Looks simple, right? Some basic IIFEs, type coercion, b64 decoding and mapping it to u16s, and a triplet execution loop. But look closer at the functions in Q: none of them actually do anything on their own. Each takes one argument and hands back another function, and nothing fires until enough arguments have been supplied - the function is fully saturated. They're curried thunks, and the real behaviour lives in how the triplet loop composes them, not in any single body.

Some of them are a mess to read raw, so let's build a basic unary solver (which evaluates single-argument calls down to a concrete value where it can) and an IIFE folder.

Before we jump in, there's one trick they pull that trips a lot of people up when folding these curried bodies.

function (A) {
  return function (E) {
    return (function (A) {
      return function () {
        return A(arguments);
      };
    })(A(E));
  };
},

A lot of people might miss that their IIFE folder substitutes the body with

return function () {
  return A(E)(arguments)
}

The core issue is the deferred evaluation of A(E). The inner IIFE forces A(E) once, at the moment the closure is built. The naive fold above re-defers it, so A(E) re-runs on every call - with a different arguments each time. The correct fold binds A(E) once and evaluates it at depth 2 (variables renamed for sanity):

function(v7) {
  return function(v8) {
    var v9 = v7(v8);
    return function() {
      return v9(arguments);
    };
  };
},

Once you fold and solve the type coercion, you'll notice something about the VM's skeleton: there's no constant pool. Does that mean the VM just doesn't use constants? No.

function(v66) {
  return function(v67) {
    return "false[object Window]"[v66()];
  };
},

false + window coerces to the string "false[object Window]", and indexing it with v66() extracts a single character - that index is the constant. Plenty of other opcodes do the same thing. So the VM does use constants, they're just synthesized on the fly from coerced primitives.

Which means the opening stretch of instructions is probably just assembling a character lookup map.

We could verify that by mapping the opcodes and emulating the triplet loop. But that wouldn't scale - the b64 string is large, and a curried VM almost certainly means an instruction stream in the MBs. We can do better and stay faithful to the VM's semantics at the same time.

In theory, unraveling the currying and producing a flattened instruction stream is really simple. But first, we need to re-visit opcode mapping.

Mapping Opcodes

Those source transformations give us a clean look at what the opcode bodies actually do - and they're pretty simple. So rather than writing a bespoke matcher for each of the ~120 opcode indices by hand, we lower them generically: walk the AST, translate each expression into our own expression type, one that only knows the handful of things these opcodes actually do.

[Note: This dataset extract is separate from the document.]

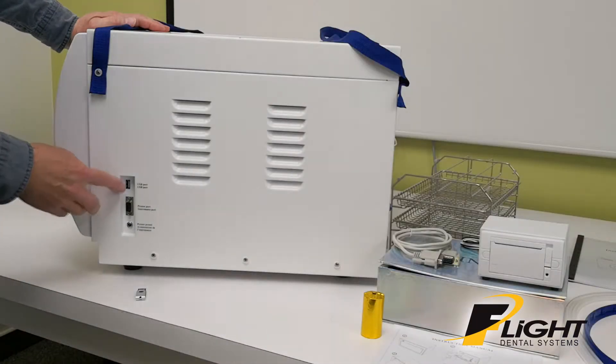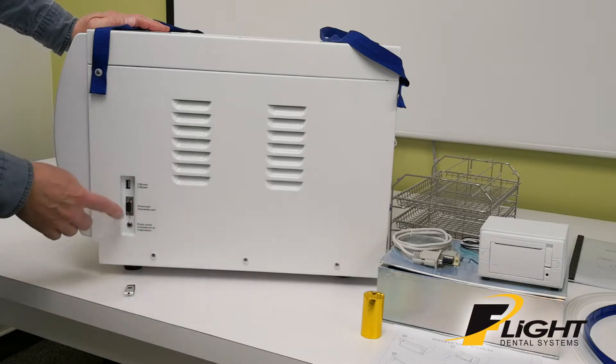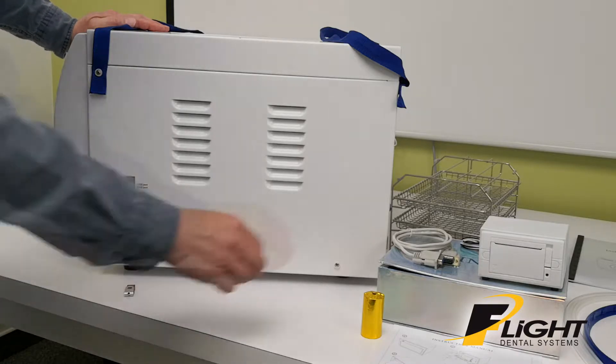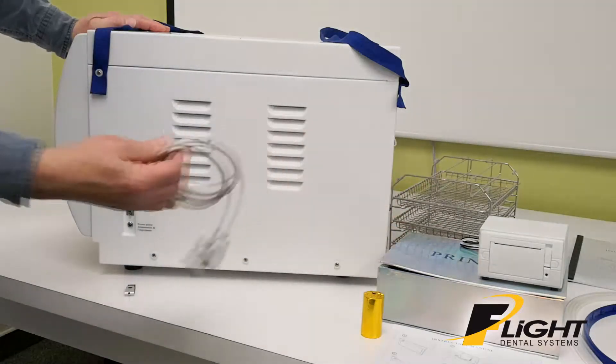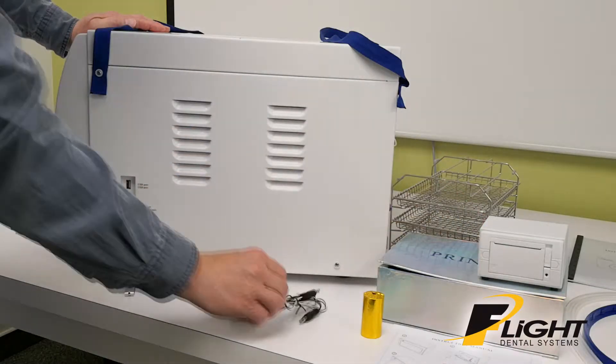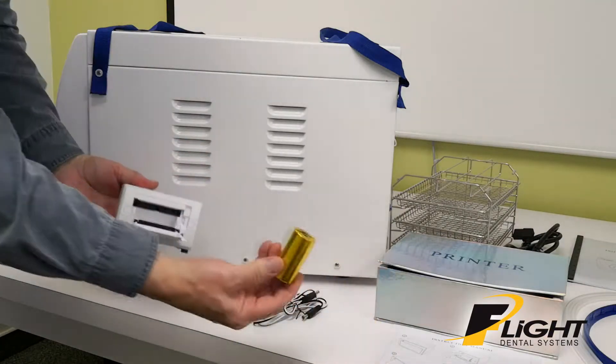The side of the unit has a USB port where you would plug in your USB stick. It also has a printer port and a printer power port. If you choose to have the optional printer, it comes with a data cable, power cable, the actual printer itself, and a roll of paper.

That sounds like a lot of ground to cover, but the opcode pool collapses into something much smaller. Plenty of opcodes lower practically one-to-one. A BinaryExpression would become our abstracted BinOp, an indexed coercion becomes an Index that gets optimized into a Const - and the rest are just small combinations of the same vocabulary: Call, Force, Index, Cond, etc.

The real work the translator does isn't actually the lowering, it's counting. Every opcode is curried, so the actual opcode index means nothing until it's been handed enough arguments and called enough to fire. As we lower a body we count two things: the arity (how many curried arguments the opcode takes), and whether the fully-applied body still hands back a thunk that needs one more forcing call. Their sum is exactly how many cycles the opcode needs before it's saturated and ready to emit.

Classifying Shapes

Lowering gives us a clean expression tree per opcode, but a tree of BinOp/Index/Call nodes still doesn't tell us what an opcode is. Is let l0 = arg0(arg1) in λ.l0(arguments) a closure builder, an IIFE, or a frame push? Two opcodes can lower to structurally similar trees and mean completely different things to the VM. We need a second, coarser pass that looks at a lowered body and answers "what family does this belong to?".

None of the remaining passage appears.